The price tag on the second-largest cement player may weigh heavily on the combined entity
Adani’s acquisition is the most expensive M&A in the cement sector in recent years. (Photo by Rodolfo Quirós/Pexels)
Adani Group is making its largest acquisition by value ever. It will be spending $10.5 billion (including the open offer to buy 26% from public shareholders) to buy Ambuja and ACC.
Here are some of the key figures on the combined entity, how its pricing looks from a historical perspective, and on the consolidation that has taken place in the industry.
The information has been sourced from a Jefferies report on the buy.
The EV/tonne for CY22 is $164 which is way higher than what Ultratech Cement paid for Binani Cement in 2018, which was an EV/tonne of $150.
At this valuation, the new entrant will have to stick to the premium end of the market to make ROE and ROCE in the double digits.
The industry will now clearly be dominated by two players.

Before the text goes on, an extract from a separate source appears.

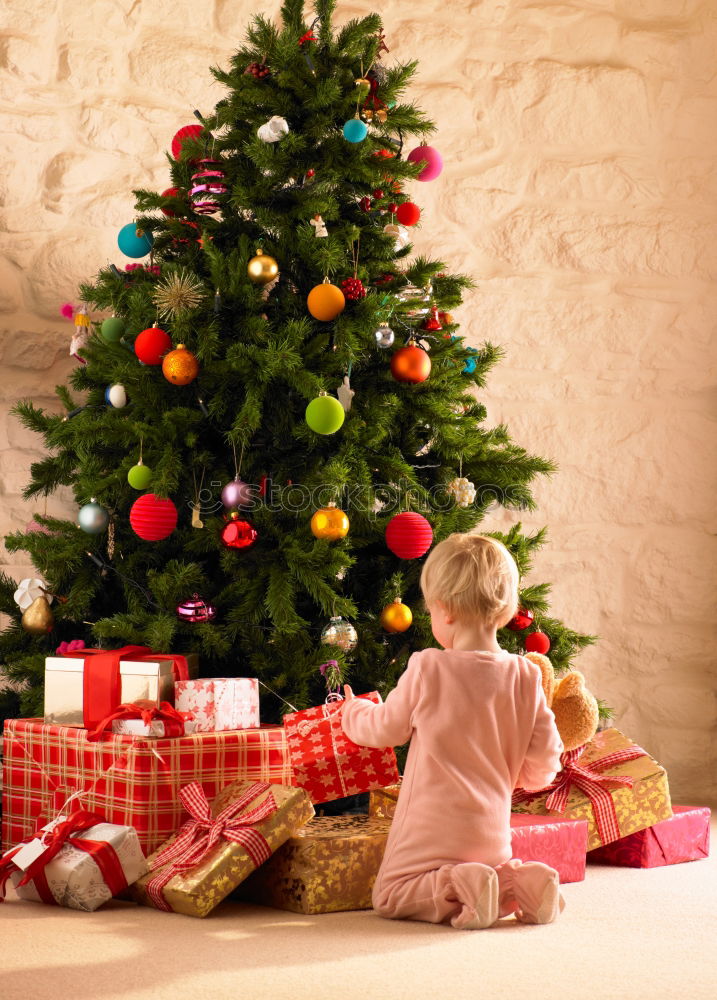 Similar – Young girl and her little sister decorating Christmas tree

Adani Group’s cement company will become the second-largest player in the sector, with half the capacity of the leader Ultratech Cement and with 43% more capacity than the third-largest Shree Cement.
Consolidation in the industry started nearly two decades ago, when foreign players such as Holcim and Lafarge began buying stakes in businesses here. A decade later, domestic players started buying stakes in local competitors too.
Adani’s acquisition is the most expensive M&A in the cement sector in recent years, and is the largest such transaction in the infrastructure and materials space.